Why We Cheat? Experimental Evidence on Tax Compliance

Research Interest
Successful redistributive taxation requires that the rich actually pay their taxes. National survey data indicate that the rich typically have much lower tax morale. Is it the case that simply acquiring wealth results in an antipathy towards taxation? This essay suggests a somewhat more nuanced view: individuals who demonstrate high levels of ability or effort, who typically are rich, are much less likely than others to comply with taxation. A causal mechanism contributing to tax cheating appears to be ability as opposed to wealth per se.
There is overwhelming evidence that subjects who perform better on the real effort tasks cheat more – simply performing better, in our experiments, results in greedier behaviour. Experimental treatments were implemented in order to explore alternative causal mechanism. Clearly the price of compliance to redistributive taxation also matters – as the cost of compliance rises we see an increase in cheating.
But the higher levels of cheating by able versus less able types persists in high and low tax regimes. There is no experimental evidence that when earnings are associated with luck or status that this correlation between performance or ability and cheating moderates.
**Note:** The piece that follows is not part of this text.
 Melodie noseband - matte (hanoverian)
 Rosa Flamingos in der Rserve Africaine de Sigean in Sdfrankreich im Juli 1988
And finally efforts to make the experimental treatment regimes much more redistributive had little affect on the intrinsic motivations of those with high ability – the correlation between ability and cheating was similar to the baseline treatments.
Intrinsic motivation for complying with taxation is very asymmetric. Those who exhibit high ability, and hence are more likely to be rich, realise much less intrinsic benefits from complying with taxation than is the case for those with lower ability who are more likely to be poor.